> **AIM OF THE TASK**: The entries below contain a line with "маршрути та інше" and a line with "На безкоштовних паркінгах". Quote exactly those two lines and all lines between them.

> **RAW DATA**:
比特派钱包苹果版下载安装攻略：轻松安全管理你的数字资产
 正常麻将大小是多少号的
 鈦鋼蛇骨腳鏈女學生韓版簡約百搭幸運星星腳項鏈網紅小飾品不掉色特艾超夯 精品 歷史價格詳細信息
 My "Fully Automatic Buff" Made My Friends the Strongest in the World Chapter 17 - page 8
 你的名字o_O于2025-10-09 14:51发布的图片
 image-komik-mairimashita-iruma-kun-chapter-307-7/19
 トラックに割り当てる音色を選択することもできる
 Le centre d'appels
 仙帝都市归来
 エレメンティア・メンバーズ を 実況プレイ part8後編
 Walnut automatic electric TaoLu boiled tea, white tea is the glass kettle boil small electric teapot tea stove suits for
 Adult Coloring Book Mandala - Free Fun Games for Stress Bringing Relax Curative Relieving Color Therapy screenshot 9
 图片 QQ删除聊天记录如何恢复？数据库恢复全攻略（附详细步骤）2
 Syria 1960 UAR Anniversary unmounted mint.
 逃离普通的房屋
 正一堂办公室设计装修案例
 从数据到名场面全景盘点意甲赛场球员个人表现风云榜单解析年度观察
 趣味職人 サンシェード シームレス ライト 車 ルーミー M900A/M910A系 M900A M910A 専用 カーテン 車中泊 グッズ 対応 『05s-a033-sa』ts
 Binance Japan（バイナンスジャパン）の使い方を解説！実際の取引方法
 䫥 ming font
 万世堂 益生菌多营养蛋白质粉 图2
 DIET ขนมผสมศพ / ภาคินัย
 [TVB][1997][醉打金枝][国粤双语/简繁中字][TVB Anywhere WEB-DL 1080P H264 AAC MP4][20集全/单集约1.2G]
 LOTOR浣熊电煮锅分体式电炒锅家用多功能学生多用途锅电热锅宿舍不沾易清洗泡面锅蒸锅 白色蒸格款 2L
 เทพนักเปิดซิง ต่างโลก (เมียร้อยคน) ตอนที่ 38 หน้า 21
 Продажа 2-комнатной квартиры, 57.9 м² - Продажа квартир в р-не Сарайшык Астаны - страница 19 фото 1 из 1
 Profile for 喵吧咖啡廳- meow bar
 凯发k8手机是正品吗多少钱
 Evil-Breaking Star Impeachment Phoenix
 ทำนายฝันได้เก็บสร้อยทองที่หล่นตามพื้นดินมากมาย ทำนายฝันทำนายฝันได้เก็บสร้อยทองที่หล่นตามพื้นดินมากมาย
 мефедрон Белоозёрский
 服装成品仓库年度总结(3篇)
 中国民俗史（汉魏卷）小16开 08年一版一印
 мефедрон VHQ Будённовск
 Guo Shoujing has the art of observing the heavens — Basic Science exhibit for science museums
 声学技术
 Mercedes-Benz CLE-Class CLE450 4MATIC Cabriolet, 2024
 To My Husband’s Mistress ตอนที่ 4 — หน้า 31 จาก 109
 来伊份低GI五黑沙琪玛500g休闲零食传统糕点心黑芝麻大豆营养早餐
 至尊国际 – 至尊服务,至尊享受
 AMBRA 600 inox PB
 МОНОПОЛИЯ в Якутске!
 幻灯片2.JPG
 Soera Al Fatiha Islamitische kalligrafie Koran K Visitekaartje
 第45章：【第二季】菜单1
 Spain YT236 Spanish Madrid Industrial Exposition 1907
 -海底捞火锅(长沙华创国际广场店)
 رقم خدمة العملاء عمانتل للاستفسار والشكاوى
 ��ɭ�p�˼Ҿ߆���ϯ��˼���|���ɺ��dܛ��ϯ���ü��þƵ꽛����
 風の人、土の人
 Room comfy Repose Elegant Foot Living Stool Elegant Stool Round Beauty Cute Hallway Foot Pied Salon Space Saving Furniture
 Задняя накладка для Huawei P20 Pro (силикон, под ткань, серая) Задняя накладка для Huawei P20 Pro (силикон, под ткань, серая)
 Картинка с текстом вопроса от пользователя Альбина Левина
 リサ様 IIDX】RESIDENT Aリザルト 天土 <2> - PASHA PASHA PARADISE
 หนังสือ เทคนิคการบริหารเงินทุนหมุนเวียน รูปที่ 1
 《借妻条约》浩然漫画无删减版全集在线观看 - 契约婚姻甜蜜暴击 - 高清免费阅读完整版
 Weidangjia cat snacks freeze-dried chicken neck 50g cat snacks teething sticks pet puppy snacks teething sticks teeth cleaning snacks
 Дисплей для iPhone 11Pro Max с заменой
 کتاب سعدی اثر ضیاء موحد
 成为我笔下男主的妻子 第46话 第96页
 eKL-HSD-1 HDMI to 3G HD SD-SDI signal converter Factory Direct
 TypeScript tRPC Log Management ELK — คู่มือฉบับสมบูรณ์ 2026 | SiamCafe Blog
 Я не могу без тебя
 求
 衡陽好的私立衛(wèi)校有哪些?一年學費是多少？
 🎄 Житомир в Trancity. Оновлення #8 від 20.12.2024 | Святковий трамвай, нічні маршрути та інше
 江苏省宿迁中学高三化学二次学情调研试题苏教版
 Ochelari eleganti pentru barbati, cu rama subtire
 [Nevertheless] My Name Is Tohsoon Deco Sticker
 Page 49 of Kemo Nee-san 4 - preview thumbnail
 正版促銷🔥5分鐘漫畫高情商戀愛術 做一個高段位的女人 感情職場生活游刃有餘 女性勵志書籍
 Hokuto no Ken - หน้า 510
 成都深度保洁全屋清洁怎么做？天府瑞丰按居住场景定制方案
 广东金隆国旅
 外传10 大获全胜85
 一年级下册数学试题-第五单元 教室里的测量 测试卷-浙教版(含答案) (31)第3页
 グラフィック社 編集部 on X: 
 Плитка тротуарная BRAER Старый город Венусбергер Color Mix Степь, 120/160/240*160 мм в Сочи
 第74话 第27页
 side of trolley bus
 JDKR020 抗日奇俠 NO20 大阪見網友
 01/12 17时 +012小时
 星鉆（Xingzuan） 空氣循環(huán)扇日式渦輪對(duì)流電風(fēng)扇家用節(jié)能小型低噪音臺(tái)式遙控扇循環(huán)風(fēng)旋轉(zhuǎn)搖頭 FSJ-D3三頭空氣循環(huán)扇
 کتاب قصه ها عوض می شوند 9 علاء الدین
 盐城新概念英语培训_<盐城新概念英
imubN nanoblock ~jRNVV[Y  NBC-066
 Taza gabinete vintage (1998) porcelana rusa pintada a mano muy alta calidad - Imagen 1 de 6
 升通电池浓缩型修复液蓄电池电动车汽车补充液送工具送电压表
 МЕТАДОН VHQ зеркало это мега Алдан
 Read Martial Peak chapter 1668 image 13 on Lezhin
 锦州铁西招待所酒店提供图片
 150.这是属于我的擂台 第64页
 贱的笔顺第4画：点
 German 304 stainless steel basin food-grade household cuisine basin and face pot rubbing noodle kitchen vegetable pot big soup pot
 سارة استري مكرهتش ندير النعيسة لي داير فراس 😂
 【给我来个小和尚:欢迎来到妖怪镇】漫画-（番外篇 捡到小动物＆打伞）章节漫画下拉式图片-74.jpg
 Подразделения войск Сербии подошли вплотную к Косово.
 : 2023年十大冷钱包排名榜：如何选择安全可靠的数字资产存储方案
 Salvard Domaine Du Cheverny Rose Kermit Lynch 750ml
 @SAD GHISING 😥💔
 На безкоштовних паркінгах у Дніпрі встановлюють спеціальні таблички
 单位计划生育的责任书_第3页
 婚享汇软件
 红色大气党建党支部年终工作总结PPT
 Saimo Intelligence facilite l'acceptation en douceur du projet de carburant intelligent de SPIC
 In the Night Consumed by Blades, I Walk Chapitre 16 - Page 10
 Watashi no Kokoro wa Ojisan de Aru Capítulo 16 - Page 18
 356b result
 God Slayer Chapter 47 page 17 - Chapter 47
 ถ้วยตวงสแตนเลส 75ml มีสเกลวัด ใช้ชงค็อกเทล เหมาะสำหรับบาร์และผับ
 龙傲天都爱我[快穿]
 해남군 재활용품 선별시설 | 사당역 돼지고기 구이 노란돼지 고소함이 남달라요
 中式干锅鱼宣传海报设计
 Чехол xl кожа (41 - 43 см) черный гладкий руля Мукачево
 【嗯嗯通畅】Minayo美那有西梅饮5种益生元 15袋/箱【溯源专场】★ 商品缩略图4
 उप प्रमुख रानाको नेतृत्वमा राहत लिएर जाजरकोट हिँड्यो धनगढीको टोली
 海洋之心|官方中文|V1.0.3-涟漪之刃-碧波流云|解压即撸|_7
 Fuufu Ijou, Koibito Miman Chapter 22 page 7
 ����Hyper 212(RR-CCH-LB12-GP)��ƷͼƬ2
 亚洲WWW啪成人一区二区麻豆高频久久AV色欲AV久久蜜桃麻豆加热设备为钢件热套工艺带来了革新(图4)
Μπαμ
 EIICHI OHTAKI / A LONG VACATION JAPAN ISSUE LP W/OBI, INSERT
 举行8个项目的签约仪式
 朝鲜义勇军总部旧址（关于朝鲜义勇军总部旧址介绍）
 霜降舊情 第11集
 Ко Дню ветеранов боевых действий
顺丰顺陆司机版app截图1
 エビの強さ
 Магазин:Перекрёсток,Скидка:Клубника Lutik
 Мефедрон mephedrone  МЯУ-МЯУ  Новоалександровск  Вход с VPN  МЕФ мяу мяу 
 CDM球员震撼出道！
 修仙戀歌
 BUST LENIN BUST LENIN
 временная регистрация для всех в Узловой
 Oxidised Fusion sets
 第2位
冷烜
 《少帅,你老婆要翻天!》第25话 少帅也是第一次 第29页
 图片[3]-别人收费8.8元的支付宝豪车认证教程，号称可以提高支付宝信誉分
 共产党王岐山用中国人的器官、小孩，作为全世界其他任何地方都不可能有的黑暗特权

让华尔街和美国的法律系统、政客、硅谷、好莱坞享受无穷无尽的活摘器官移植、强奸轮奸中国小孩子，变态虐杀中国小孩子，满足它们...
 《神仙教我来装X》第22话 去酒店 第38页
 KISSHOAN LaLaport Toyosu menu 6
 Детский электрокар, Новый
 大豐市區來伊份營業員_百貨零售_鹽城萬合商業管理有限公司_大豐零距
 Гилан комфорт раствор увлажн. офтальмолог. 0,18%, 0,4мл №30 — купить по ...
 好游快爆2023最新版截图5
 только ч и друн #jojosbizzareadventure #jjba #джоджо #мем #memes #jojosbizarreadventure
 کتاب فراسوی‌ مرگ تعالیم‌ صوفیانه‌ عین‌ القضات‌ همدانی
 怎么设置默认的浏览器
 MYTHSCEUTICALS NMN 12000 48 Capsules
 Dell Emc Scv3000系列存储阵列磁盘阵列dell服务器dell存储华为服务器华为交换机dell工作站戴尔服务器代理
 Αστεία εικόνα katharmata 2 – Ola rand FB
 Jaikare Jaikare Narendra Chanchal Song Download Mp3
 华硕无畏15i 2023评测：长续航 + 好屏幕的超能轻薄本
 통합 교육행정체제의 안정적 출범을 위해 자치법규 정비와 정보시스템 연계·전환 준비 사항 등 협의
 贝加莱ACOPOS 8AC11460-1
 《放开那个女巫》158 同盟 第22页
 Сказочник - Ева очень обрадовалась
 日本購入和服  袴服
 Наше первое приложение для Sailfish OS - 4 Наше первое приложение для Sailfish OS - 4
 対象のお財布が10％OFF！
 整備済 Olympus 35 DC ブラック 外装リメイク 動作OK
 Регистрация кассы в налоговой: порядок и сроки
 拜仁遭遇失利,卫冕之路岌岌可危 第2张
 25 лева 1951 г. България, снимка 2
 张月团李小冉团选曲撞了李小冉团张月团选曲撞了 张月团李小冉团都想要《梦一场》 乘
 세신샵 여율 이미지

> **THE ANSWER**:
 🎄 Житомир в Trancity. Оновлення #8 від 20.12.2024 | Святковий трамвай, нічні маршрути та інше
 江苏省宿迁中学高三化学二次学情调研试题苏教版
 Ochelari eleganti pentru barbati, cu rama subtire
 [Nevertheless] My Name Is Tohsoon Deco Sticker
 Page 49 of Kemo Nee-san 4 - preview thumbnail
 正版促銷🔥5分鐘漫畫高情商戀愛術 做一個高段位的女人 感情職場生活游刃有餘 女性勵志書籍
 Hokuto no Ken - หน้า 510
 成都深度保洁全屋清洁怎么做？天府瑞丰按居住场景定制方案
 广东金隆国旅
 外传10 大获全胜85
 一年级下册数学试题-第五单元 教室里的测量 测试卷-浙教版(含答案) (31)第3页
 グラフィック社 編集部 on X: 
 Плитка тротуарная BRAER Старый город Венусбергер Color Mix Степь, 120/160/240*160 мм в Сочи
 第74话 第27页
 side of trolley bus
 JDKR020 抗日奇俠 NO20 大阪見網友
 01/12 17时 +012小时
 星鉆（Xingzuan） 空氣循環(huán)扇日式渦輪對(duì)流電風(fēng)扇家用節(jié)能小型低噪音臺(tái)式遙控扇循環(huán)風(fēng)旋轉(zhuǎn)搖頭 FSJ-D3三頭空氣循環(huán)扇
 کتاب قصه ها عوض می شوند 9 علاء الدین
 盐城新概念英语培训_<盐城新概念英
imubN nanoblock ~jRNVV[Y  NBC-066
 Taza gabinete vintage (1998) porcelana rusa pintada a mano muy alta calidad - Imagen 1 de 6
 升通电池浓缩型修复液蓄电池电动车汽车补充液送工具送电压表
 МЕТАДОН VHQ зеркало это мега Алдан
 Read Martial Peak chapter 1668 image 13 on Lezhin
 锦州铁西招待所酒店提供图片
 150.这是属于我的擂台 第64页
 贱的笔顺第4画：点
 German 304 stainless steel basin food-grade household cuisine basin and face pot rubbing noodle kitchen vegetable pot big soup pot
 سارة استري مكرهتش ندير النعيسة لي داير فراس 😂
 【给我来个小和尚:欢迎来到妖怪镇】漫画-（番外篇 捡到小动物＆打伞）章节漫画下拉式图片-74.jpg
 Подразделения войск Сербии подошли вплотную к Косово.
 : 2023年十大冷钱包排名榜：如何选择安全可靠的数字资产存储方案
 Salvard Domaine Du Cheverny Rose Kermit Lynch 750ml
 @SAD GHISING 😥💔
 На безкоштовних паркінгах у Дніпрі встановлюють спеціальні таблички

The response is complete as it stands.